### [Data listing]
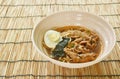 shoyu ramen or Japanese yellow noodles topping slice braised pork and boiled egg in spicy soy sauce soup on bowl Royalty Free Stock Photo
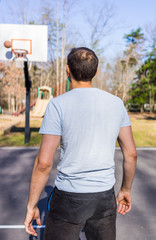 Back of young fit muscular man throwing basketball into hoop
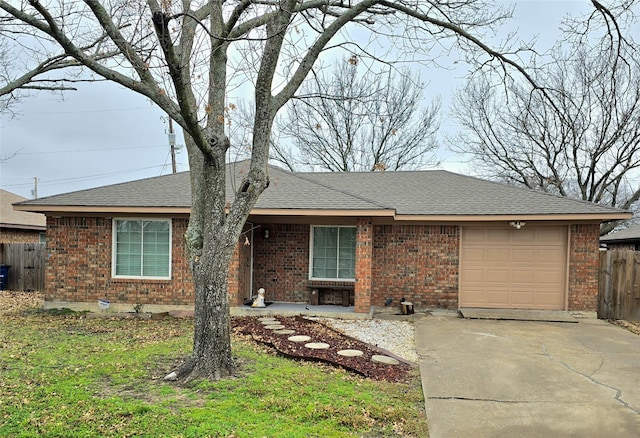 ranch-style house featuring a garage and a front lawn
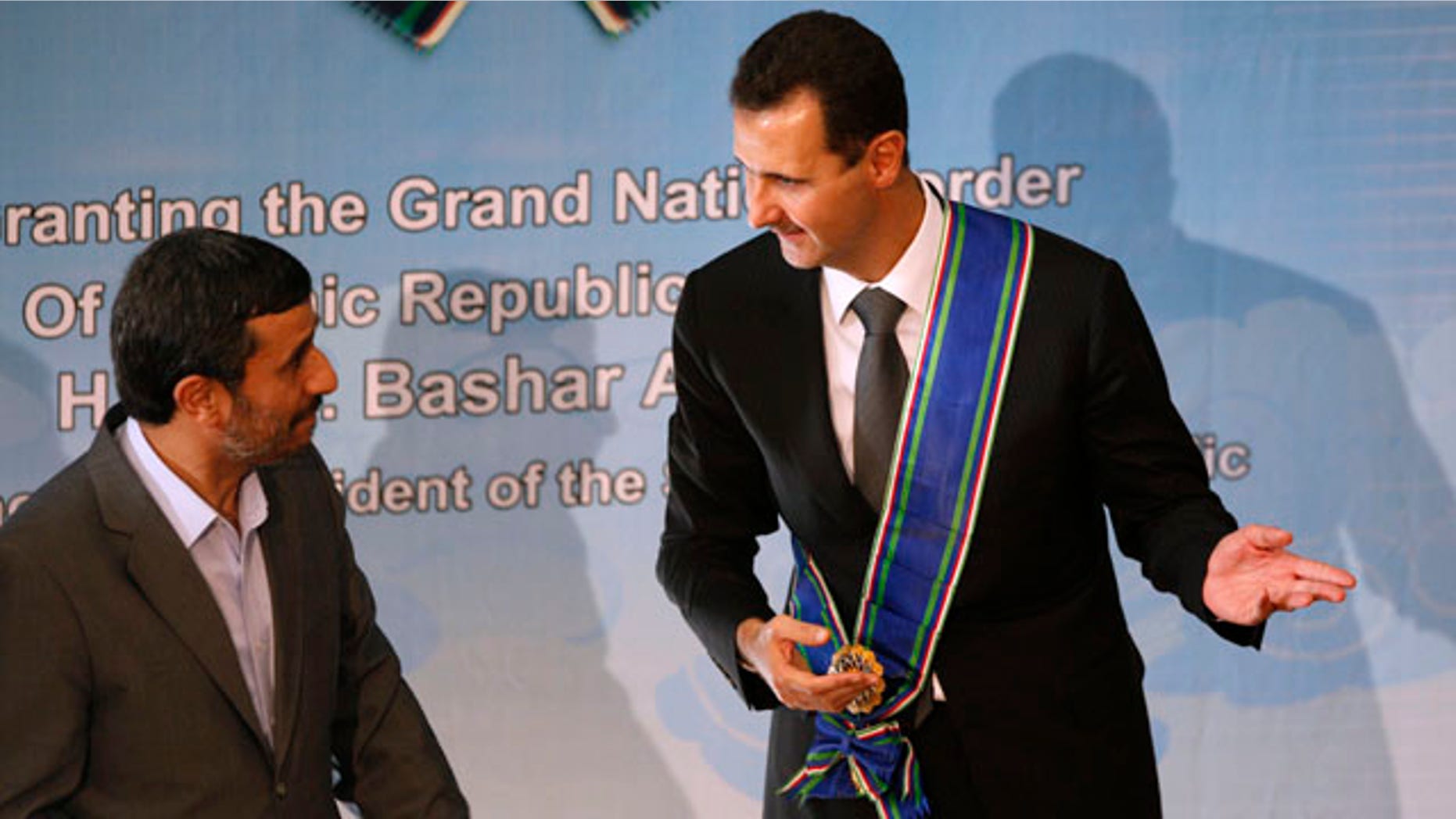 Oct. 2: Syrian President Bashar Assad, right, gestures, after he is awarded with Iran's highest national medal by his Iranian counterpart Mahmoud Ahmadinejad, in Tehran, Iran. Assad has overlooked the White House's efforts to improve relations in favor of alliances with Iran and militant groups such as Hezbollah and the Palestinian Hamas.
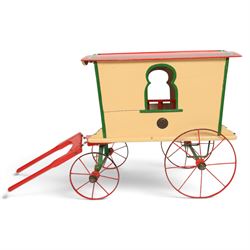 G & J Lines wooden gypsy caravan model, painted in cream with red roof, wheels and green detailing, H51cm, L89cm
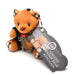 Plush brown teddy bear keychain with plaid accents, wearing black faux leather cuffs and a red ball gag, attached to a product tag.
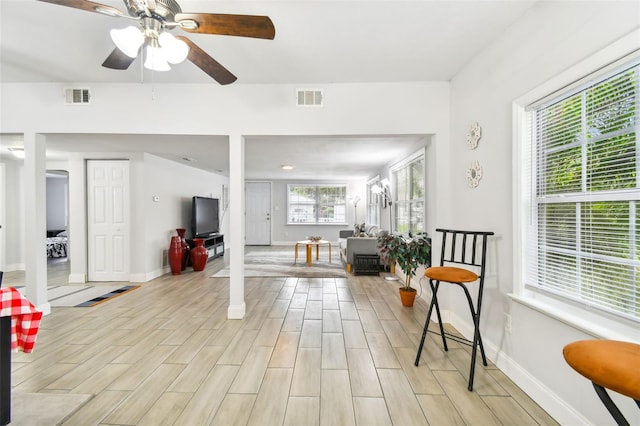 interior space with ceiling fan and light hardwood / wood-style floors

### [Task prompt]
Among the entries above, take the line with "Back of young", the line with "G & J Lines", and all the lines between them, and restate them word for word without pictures.

### [Answer to the problem]
 Back of young fit muscular man throwing basketball into hoop
 ranch-style house featuring a garage and a front lawn
 Oct. 2: Syrian President Bashar Assad, right, gestures, after he is awarded with Iran's highest national medal by his Iranian counterpart Mahmoud Ahmadinejad, in Tehran, Iran. Assad has overlooked the White House's efforts to improve relations in favor of alliances with Iran and militant groups such as Hezbollah and the Palestinian Hamas.
 G & J Lines wooden gypsy caravan model, painted in cream with red roof, wheels and green detailing, H51cm, L89cm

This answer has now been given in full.